Updated Answer
Here's a general solution that creates a hierarchy of <section>
elements based on header levels and their following siblings:
class Nokogiri::XML::Node
# Create a hierarchy on a document based on heading levels
# wrap : e.g. "<section>" or "<div class='section'>"
# stops : array of tag names that stop all sections; use nil for none
# levels : array of tag names that control nesting, in order
def auto_section(wrap='<section>', stops=%w[hr], levels=%w[h1 h2 h3 h4 h5 h6])
levels = Hash[ levels.zip(0...levels.length) ]

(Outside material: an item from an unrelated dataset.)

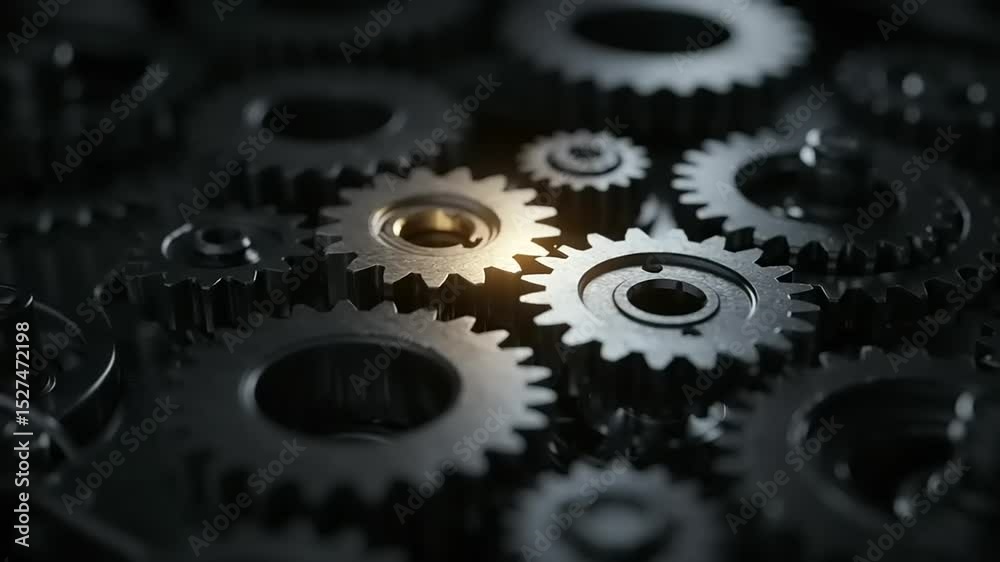 Close-up of interlocking metallic gears with a glowing highlight, showcasing intricate machinery in motion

stops = stops && Hash[ stops.product([true]) ]
stack = []
children.each do |node|
unless level = levels[node.name]
level = stops && stops[node.name] && -1
end
stack.pop while (top=stack.last) && top[:level]>=level if level
stack.last[:section].add_child(node) if stack.last
if level && level >=0
section = Nokogiri::XML.fragment(wrap).children[0]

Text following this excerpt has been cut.